===== Exercise data

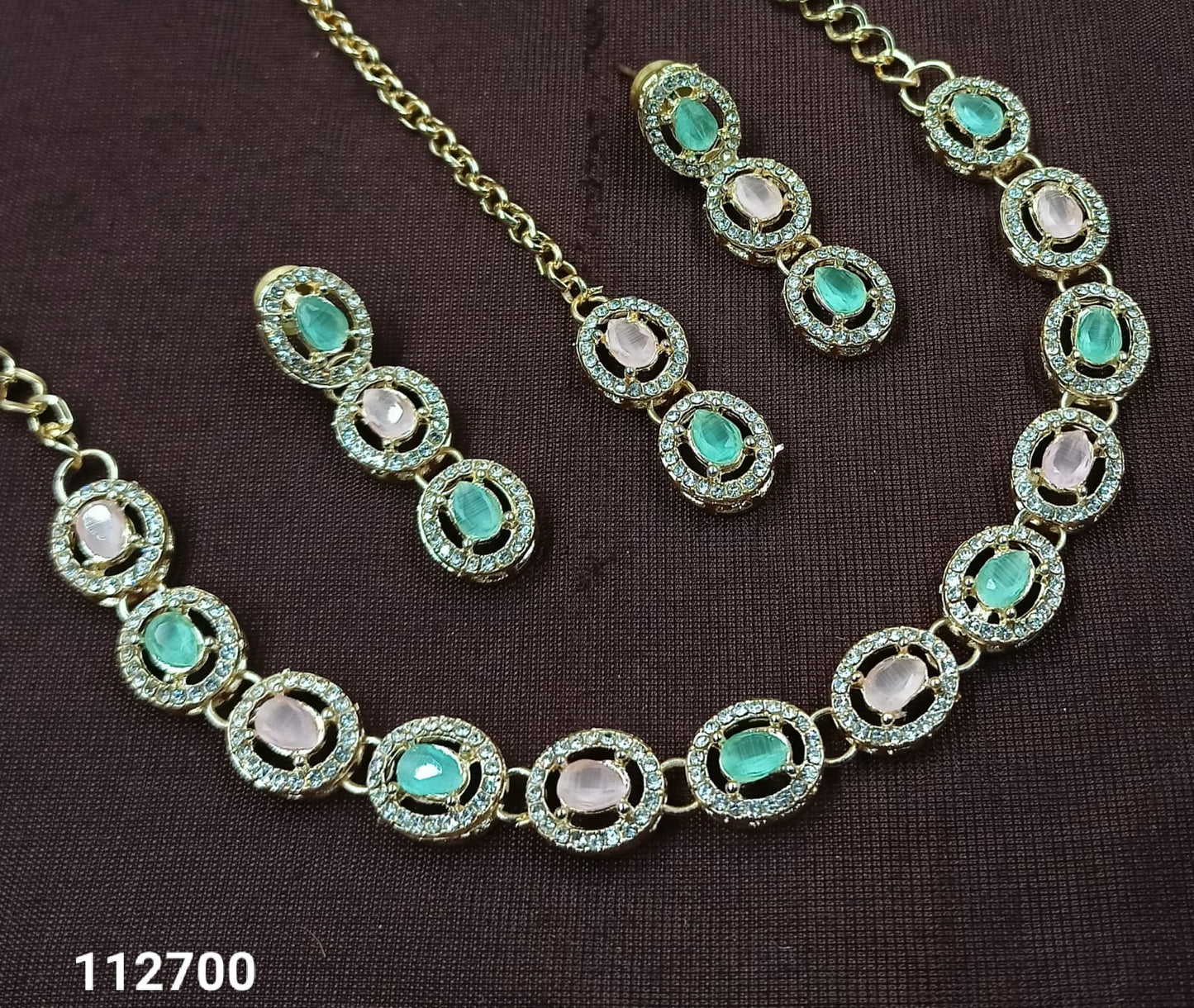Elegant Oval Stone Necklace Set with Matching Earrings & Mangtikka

==========
===== Exercise data

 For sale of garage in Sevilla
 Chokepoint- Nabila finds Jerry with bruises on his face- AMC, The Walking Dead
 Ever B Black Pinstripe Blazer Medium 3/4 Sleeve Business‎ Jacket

==========

Problem: Would you quote everything above from the line containing "Chokepoint- Nabila finds" down to the line containing "Ever B Black"? Include both of those lines and nothing else.

The completed task:
 Chokepoint- Nabila finds Jerry with bruises on his face- AMC, The Walking Dead
 Ever B Black Pinstripe Blazer Medium 3/4 Sleeve Business‎ Jacket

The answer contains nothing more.